Some times it feels like, somebody’s watching me!

Imitation is the sincerest form of flattery we’re told. I have spent my entire life trying to ‘fly under the radar’, to be invisible. That’s REALLY hard to do when you’re a six foot tall woman. Yeah, no kidding. It is becoming more and more apparent to me that I’m not as invisible as I’d thought/hoped. How do I know? God is sending people to tell me to my face just how visible I really am. This can actually be kind of good for someone who has, in the past, exhibited a lack of ability when it comes to telly people the truth in love. Oh, I can be truthful alright, ‘I think that if Paul told some of the disciples that they shouldn’t eat meat lest a new Christian stumble and fall then maybe she ought not to be wearing THAT to church showing off what her momma gave her!’  That is an example of how NOT to tell the truth. No love, y’all. So what to do instead if the younger women are watching and learning? Have that hair and make up done in a contemporary, fashionable way and dress nice but age appropriate.

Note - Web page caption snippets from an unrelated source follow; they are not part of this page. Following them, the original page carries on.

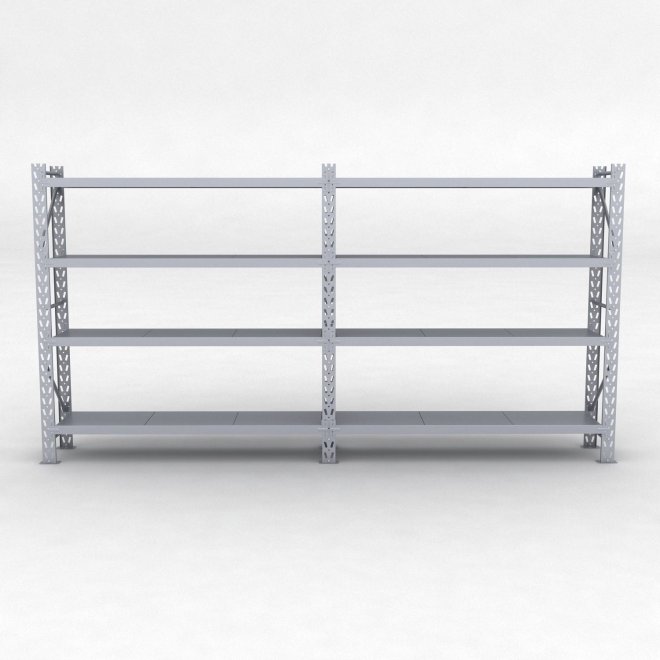 Lagerreol 2 fag med 4 hylder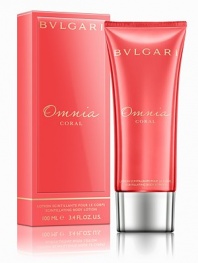 Bvlgari introduces a new, lively, cheerful fragrance inspired by coral, the red gold of the Mediterranean Sea. Omnia Coral is a true gem of the Ocean.  An exclusive formula rich in precious oils and suitable for all skin types. Light yet creamy, it is quickly absorbed, leaving skin soft and silky. The lotion's special polymers and moisturizing agents give a velvety texture, while its precious pigments illuminate the skin, providing an elegant shimmering effect. 3.4 oz.
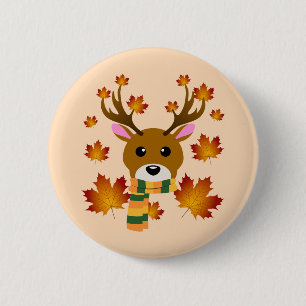 Autumn Scarf Deer Maple Leaves 6 Cm Round Badge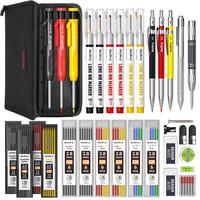 Nicpro 39 Pack Carpenter Pencil Set with Sharpener, Mechanical Carpenter Pencils with Refills, Deep Hole Long Nib Marker, Car...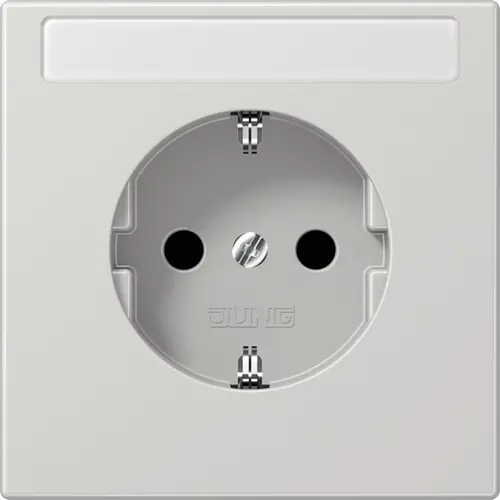 JUNG LS 1520 NKINA LG wandcontactdoos randaarde tekstvenster Safety+ LS990 lichtgrijs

Show love to my husband even when things maybe tense between us because the tense part will pass so two things: 1. The faster I forgive and come at him with love and kindness the faster the ‘tense’ goes away, and 2. Anything I said during the ‘tense’ part that wasn’t nice I now have to apologize for and who wants to apologize more than they have too? Do you REALLY  want to stand there and say a laundry list of apologies for everything that came out of your mouth in anger? I don’t.

So during those ‘tense’ moments, try to get out with as minimal damage to you and your husband as possible so that when you’re sitting in church, you can genuinely look at him with love in your eyes.

Greet strangers. Wear a smile. That’s how we act like light and salt, people.